Hey, same here! I made absolutely the same experiences as you did! I wholeheartedly agree with absolutely everything you said! I really loved Amsterdam the two times that I went. It is such a great place to just relax as its nice and slow paced. The first time we stayed in the NH Barbizon Palace in the center of Amsterdam but the second time around we looked into renting one of the Amsterdam apartments and it was absolutely fantastic. I can only recommend it.
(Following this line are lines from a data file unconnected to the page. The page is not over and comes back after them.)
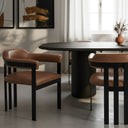 Hazen - Modern Camel Leather + Black Iron Dining Chair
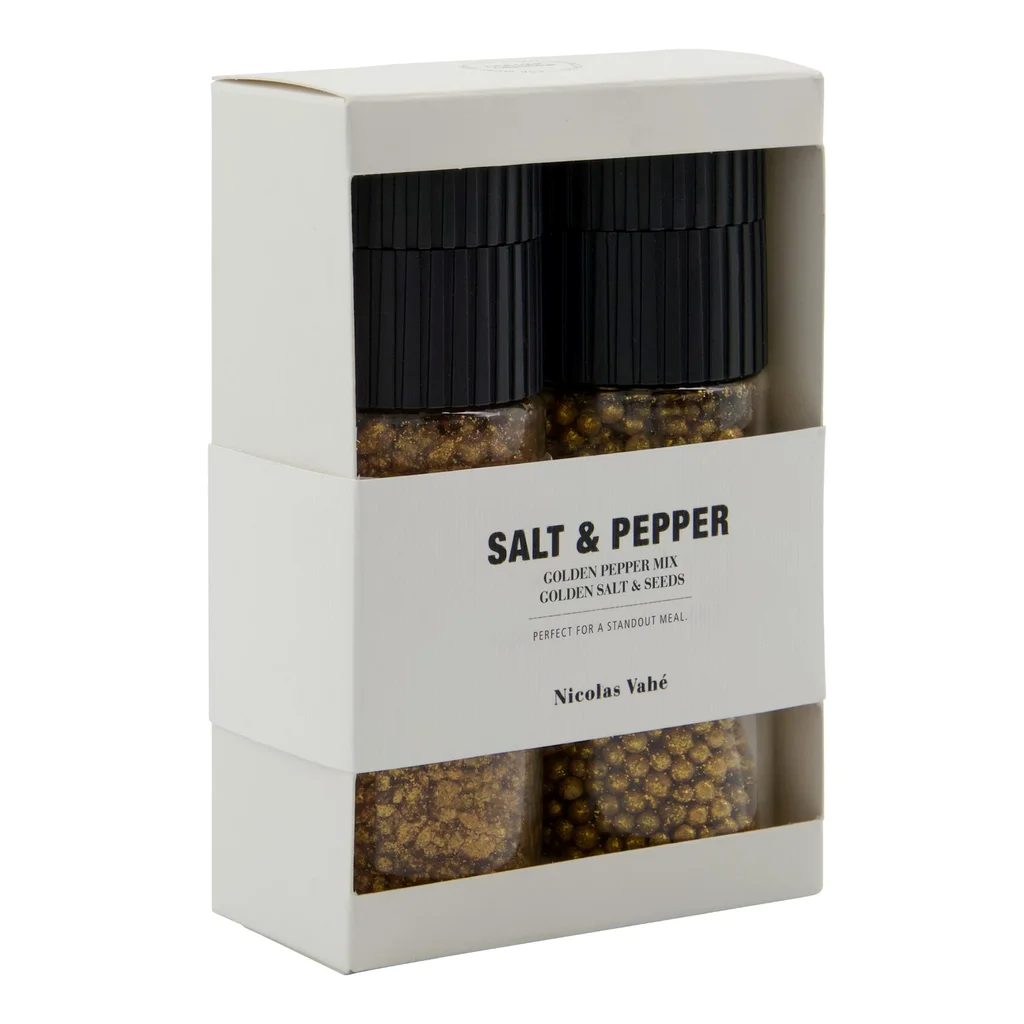 Nicolas Vahé Gift Box Golden Salt & Seeds + Pepper Mix 86 g/73 g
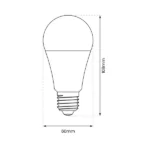 Milagro EKZA8001 LED крушка 9W E27 A60 4000K Димируема 100%/50%/25%.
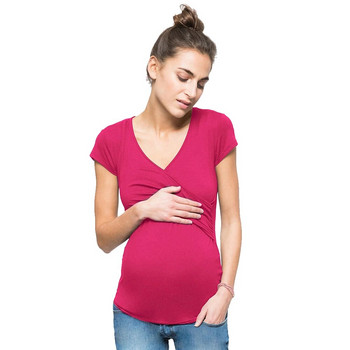 Нови ежедневни дрехи за бременни жени Облекло за кърмене Тениска с къс ръкав Раирана горнища с V-образно деколте за бременни жени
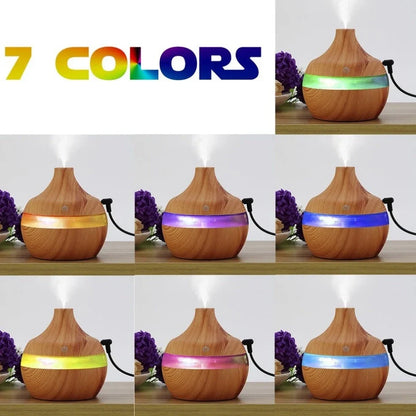 Compact wood grain USB humidifier with 300ml capacity, yellow wood-grain finish, LED lights, for aromatherapy misting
> Thanks, i had a great trip.. I visited the Heineken brewerie and sampled a lot of beer during my travels.. Drank a 5 dollar bottle of champaigne while in Paris which tasted suspiciously like sprite -_- and gawked at the masses and masses of vines around Trier, Germany... it was a great time



Good to hear you had a fab time.


----------



## Wiz (Feb 16, 2011)

We were in Paris in the mid 80's. We did a bus tour one day and the tour guide pointed out that the little "statute of liberty" that we were passing was a donation from the U.S. after we gave them their big "Statue of Liberty." We were there in Jamuary and arrived at the beginning of the first snow that had hit Paris in one hundred years. Boy was it cold. Cheese sucked. I didn't think the wine was really that bad as described by St. Allie and today liike several of their wines. My French was limited to 2 years of high school but surprisingly white a bit was remembered to the extent of stopping people on the street in self directed walking tours and asking directions. We found most people very willing to help and did not experience the rudeness that the French are reported to have with Americans. Here in Costa Rica I have found that if you try to speak in the native Spanish language, even though you may butcher the language, you will be more accepted than if you did not even make the effort.


----------